I don't know very much about cars but I personally think the Ford Focus is kind of small. It's a compact car. The Ford Fusion is the next step up, it's a mid-size and I personally do not have any problem with it but I'm like 315 pounds so I can't really speak for you. Sorry I can't help very much.


----------



## aheartofstars (Aug 11, 2008)

thatgirl08 said:


> I don't know very much about cars but I personally think the Ford Focus is kind of small. It's a compact car. The Ford Fusion is the next step up, it's a mid-size and I personally do not have any problem with it but I'm like 315 pounds so I can't really speak for you. Sorry I can't help very much.

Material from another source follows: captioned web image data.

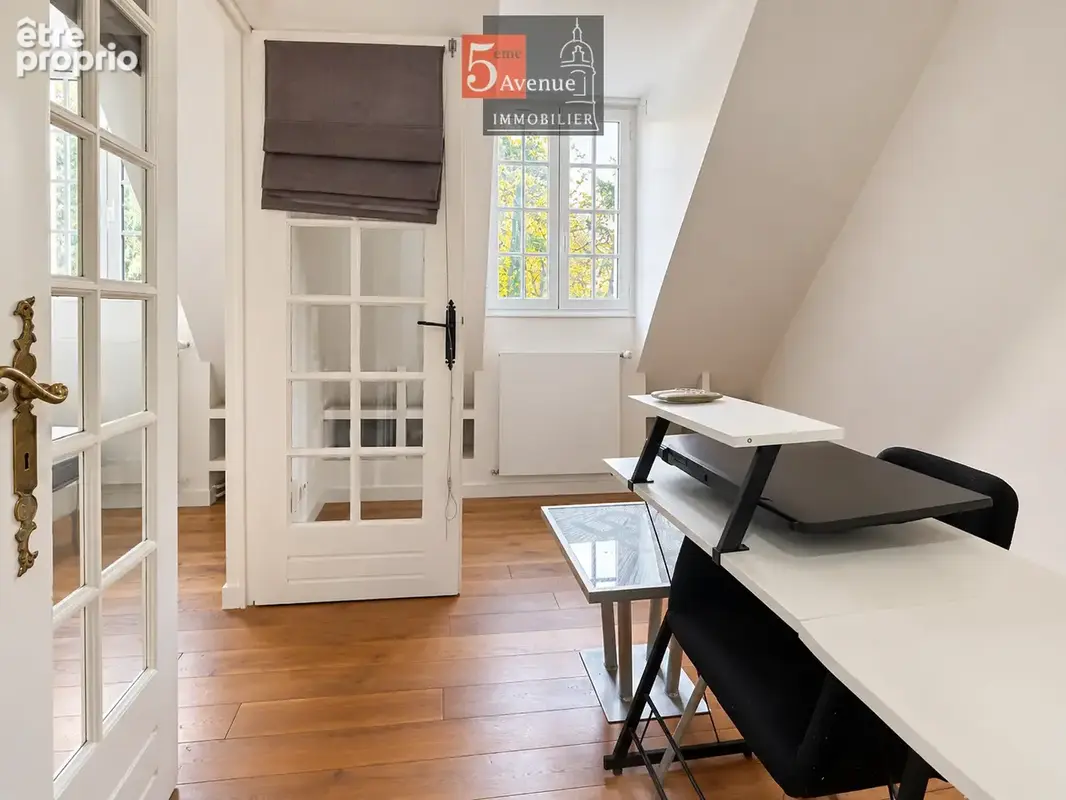Maison située dans le domaine du lys de 245m2 3000m2 de terrain - photo 14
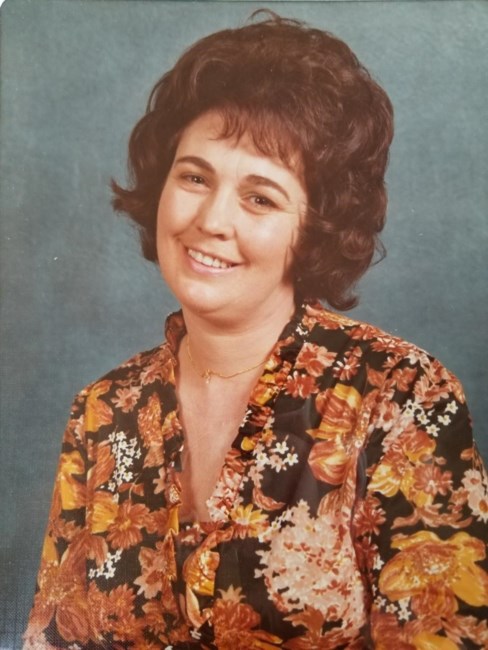 Obituary of Eva H. Adams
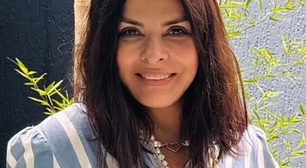 Mara Maravilha rebate críticas após se declarar 'negona branca'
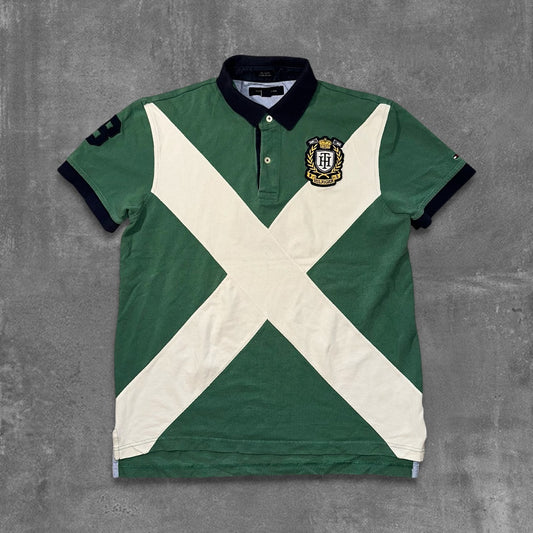 Tommy Hilfiger Polo Tee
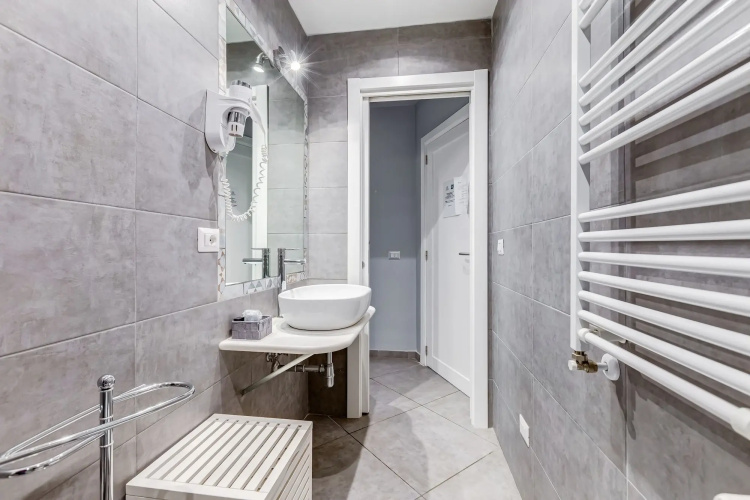 Maison Degli Artisti Suites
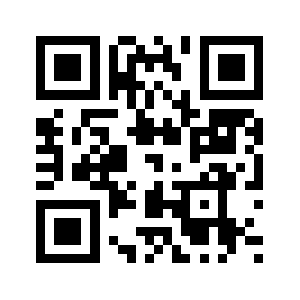 Bj.ac.th QR code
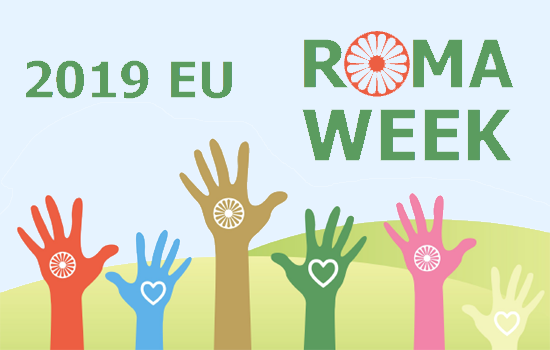 La 4� edici�n de la Romaweek vuelve a reunir del 18 al 21 de marzo en Bruselas a la sociedad civil junto a pol�ticos y representantes institucionales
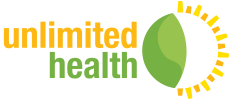 Unlimitedhealth.nl's logo Unlimitedhealth.nl's logo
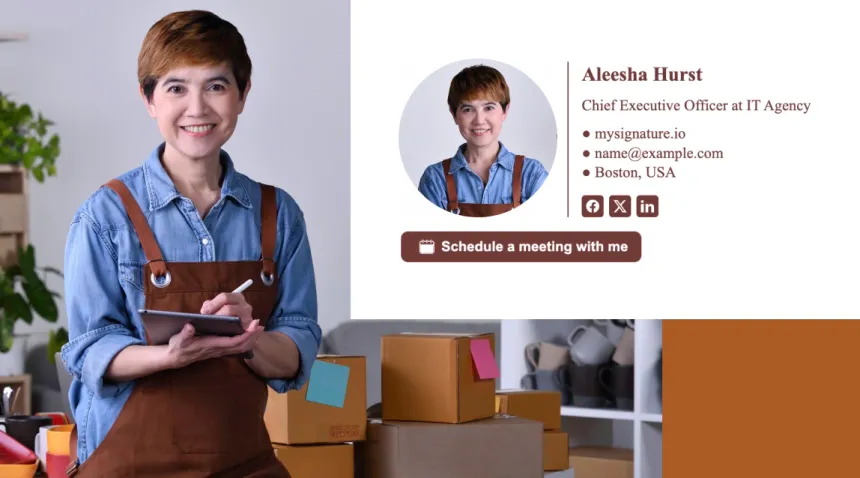 Pequeña empresa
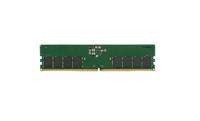 Kingston Technology ValueRAM KVR56U46BS8K2-32 geheugenmodule 32 GB 2 x 16 GB DDR5 5600 MHz - thumbnail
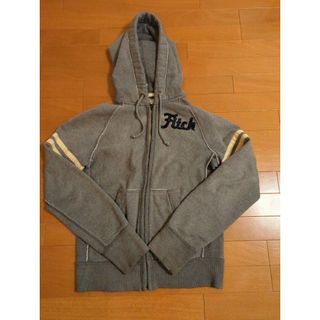 アバクロンビーアンドフィッチ(Abercrombie&Fitch)のAbercrombie&Fitch NY パーカー(パーカー)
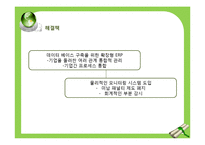 [생산관리] SCM 파트너십 성공 사례-유한킴벌리와 롯데마트 사례 연구-19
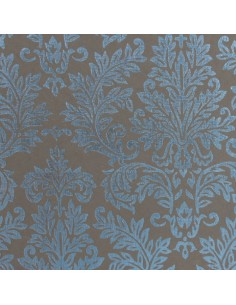 Papel Bollywood 30X30 12h Marrón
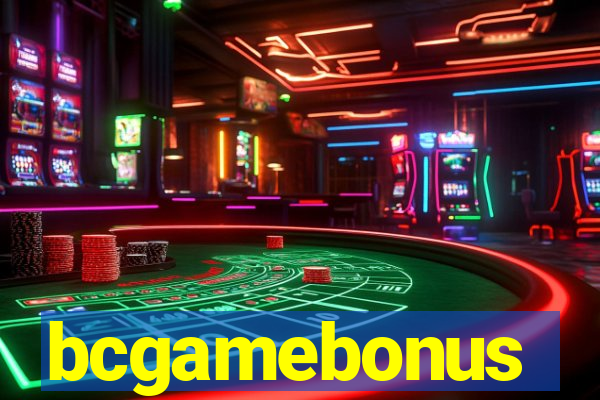 bcgamebonus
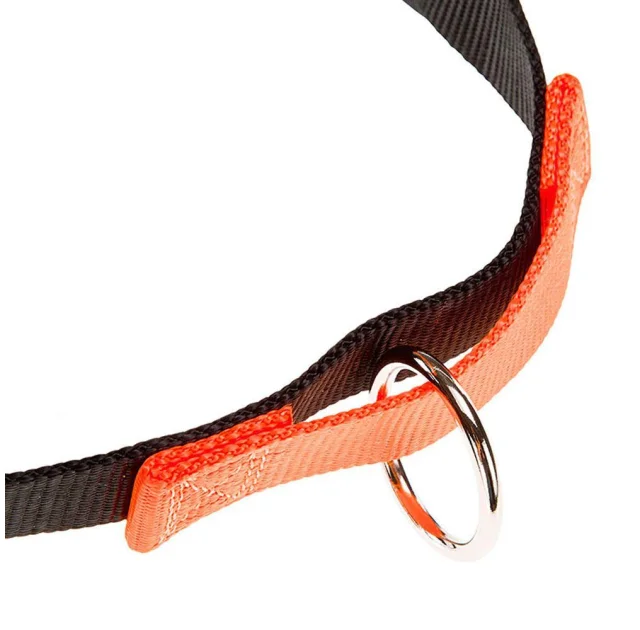 Шлейка Ferplast Coach P L Harness Orange для дрессировки, A: 33x43 см, B: 64x91 см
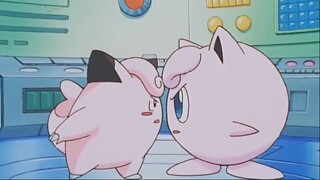 Pokemon japanese #0061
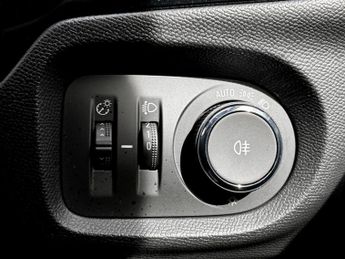 Vauxhall Corsa 100kW SE Premium 50kWh 5dr Auto [11kWCh]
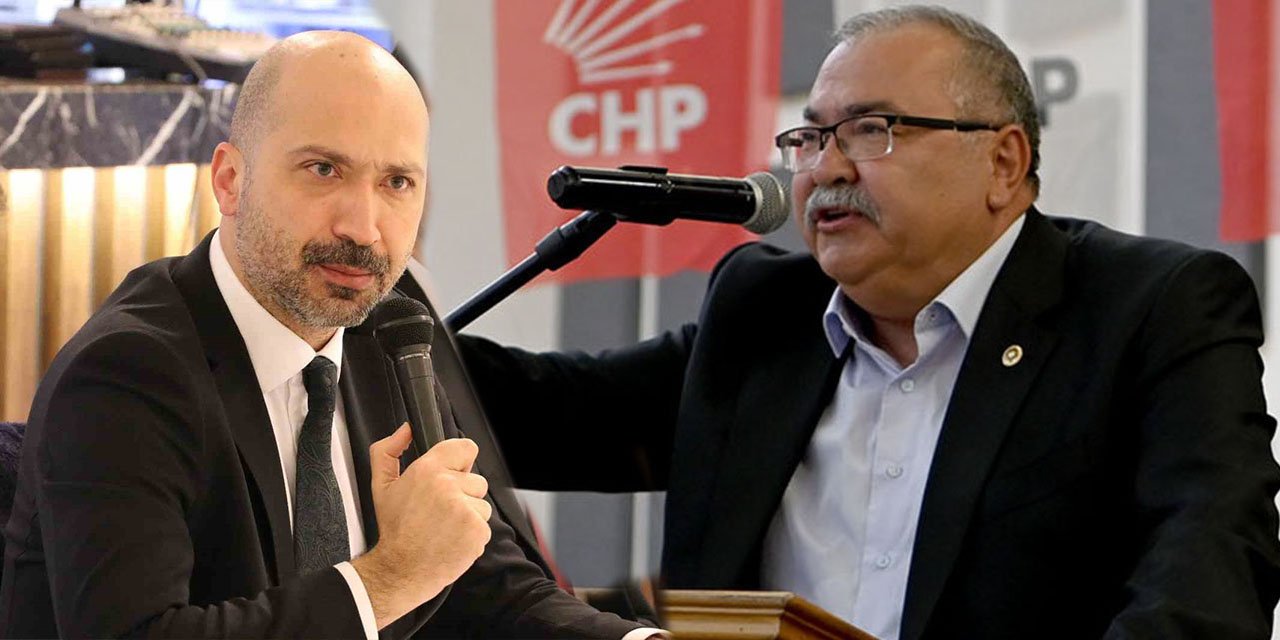 CHP’li Bülbül’den Söke Belediye Başkanı Arıkan’a çok sert tepki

May I ask what size you are or your height? Also, when you are in the Ford Focus do you feel like there is still belt room? Thank you. I don't mean to put you on the spot or anything.


----------



## thatgirl08 (Aug 11, 2008)

aheartofstars said:


> May I ask what size you are or your height? Also, when you are in the Ford Focus do you feel like there is still belt room? Thank you. I don't mean to put you on the spot or anything.



Oh it's fine. I'm 5'7" and I wear a size 26 or 28. I'm able to buckle the seatbelt just fine, but I'm not sure how much extra there is in the belt - I've never really paid much attention to be honest. 

Honestly, I don't suggest the Ford Focus - there just isn't much room inside there because it's a compact. My mom has a Ford Fusion and I love it - it's a lot more comfortable than the Focus. For the record, my Mom is about a size 28 or possibly 30 and she fits just fine in the Fusion. I still can't vouch for you obviously, but I think it'd be a better choice than the Focus.

As for the other cars, I don't think I've ever been in any of them so I can't really comment on how well they would work - something else might work a lot better than the Fusion. That's just based on my limited experience.

EDIT: I take that back - I have been in a Chevy Malibu. It's also smaller than the Fusion, but still better than the Focus in my opinion. I found the drivers side of the Malibu to be a bit small, but I'm not sure if you're planning on driving or just riding.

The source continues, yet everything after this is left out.